Stored data START

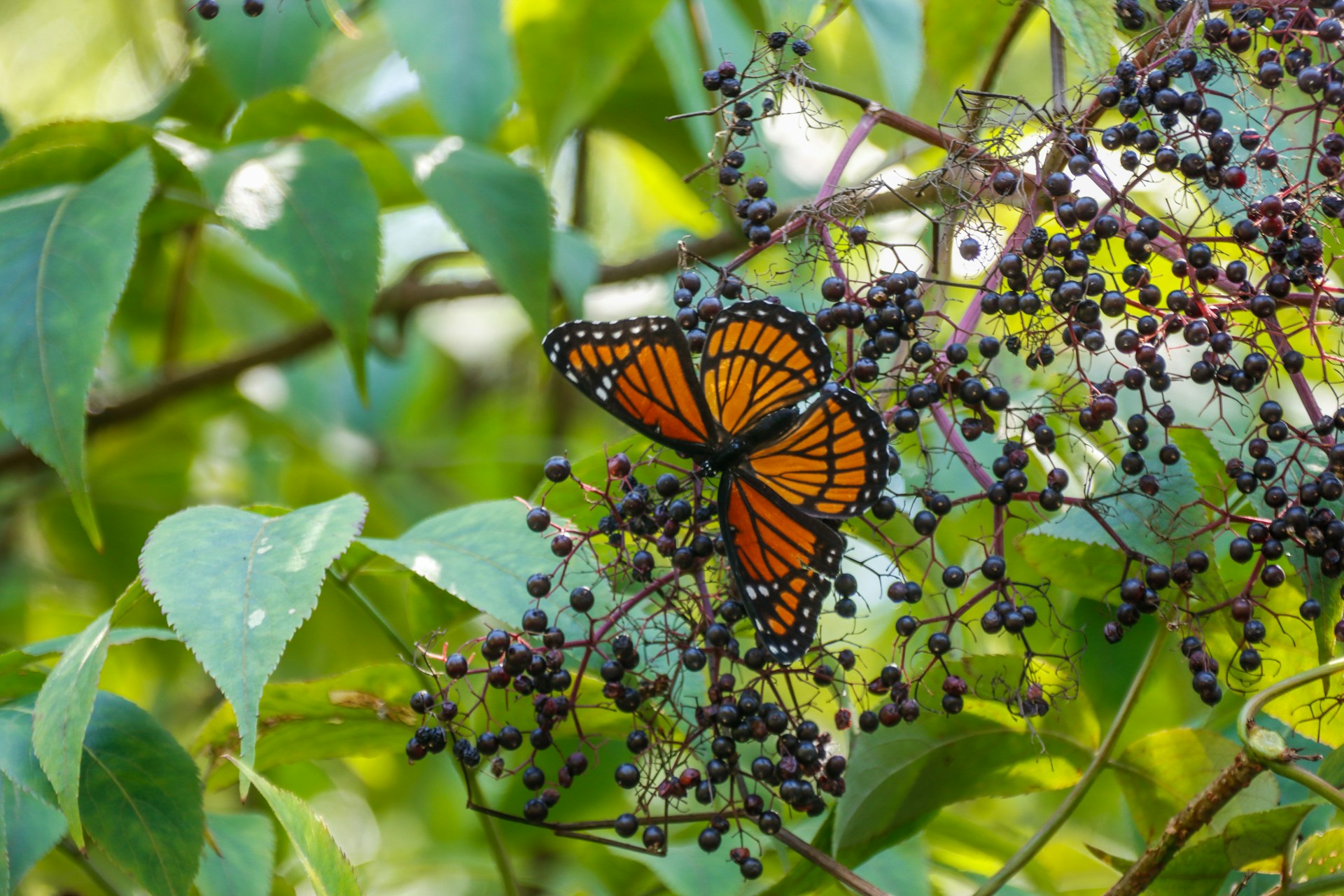 A vibrant orange butterfly resting on ripe elderberries among green leaves, highlighting the natural beauty of elderberry plants used for immune-supporting health benefits.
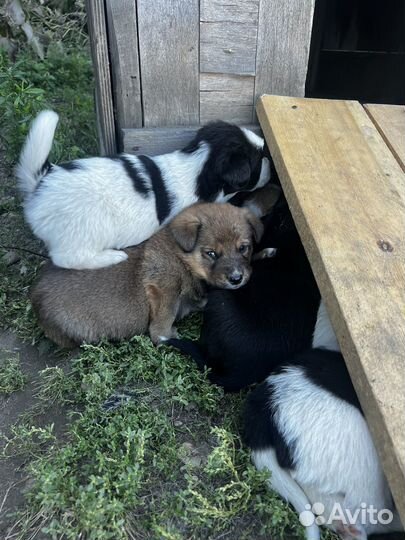 Щенки дворняги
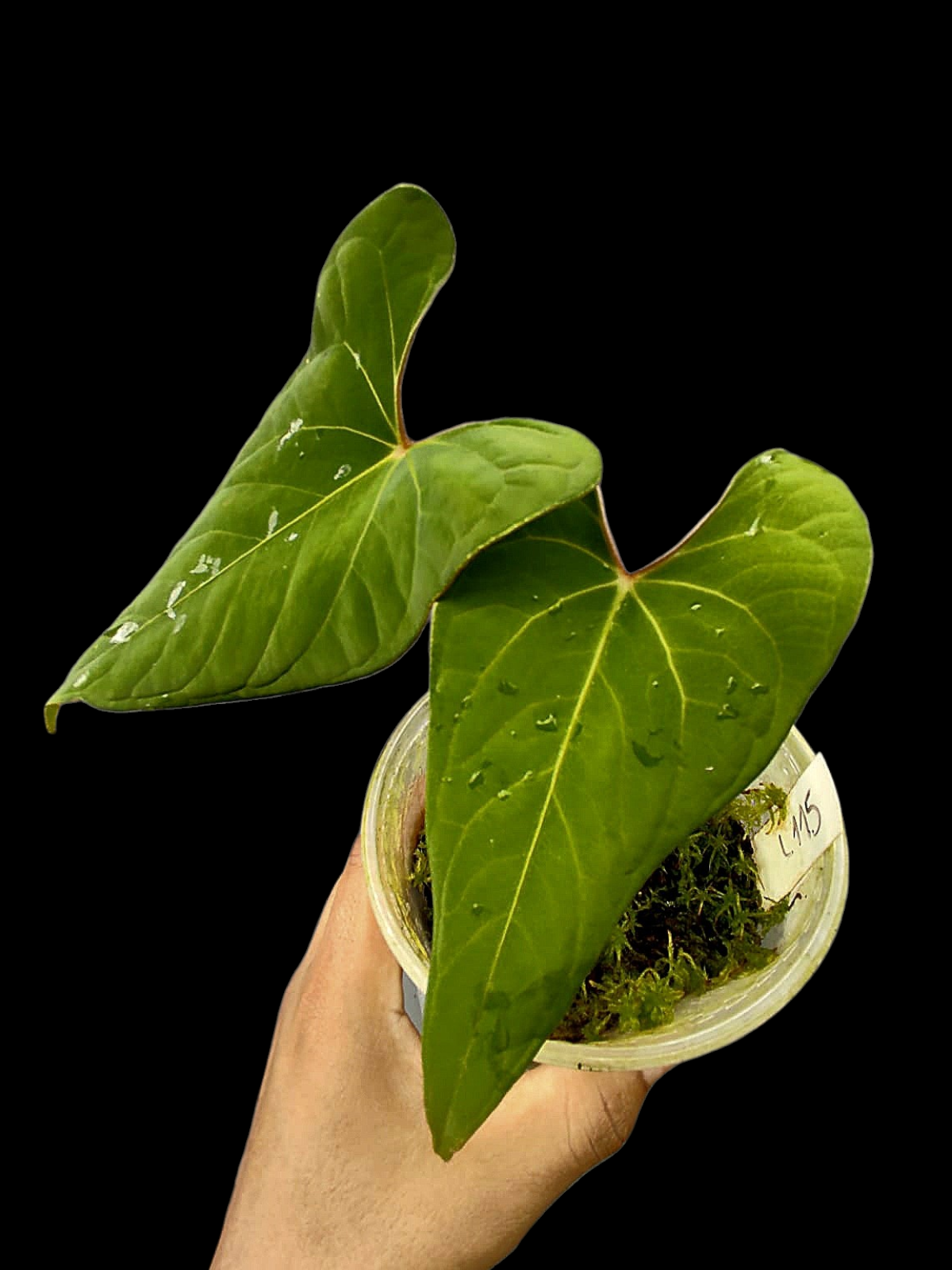 Anthurium sp. 'Huanuco Velvet' Wild Ecotype (EXACT PLANT)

Stored data END

▶ **Task to complete**
Only the lines between the one containing "Щенки дворняги" and the last line of the listing above, both included, should be written out, exactly and without pictures.

▶ **Your solution**
 Щенки дворняги
 Anthurium sp. 'Huanuco Velvet' Wild Ecotype (EXACT PLANT)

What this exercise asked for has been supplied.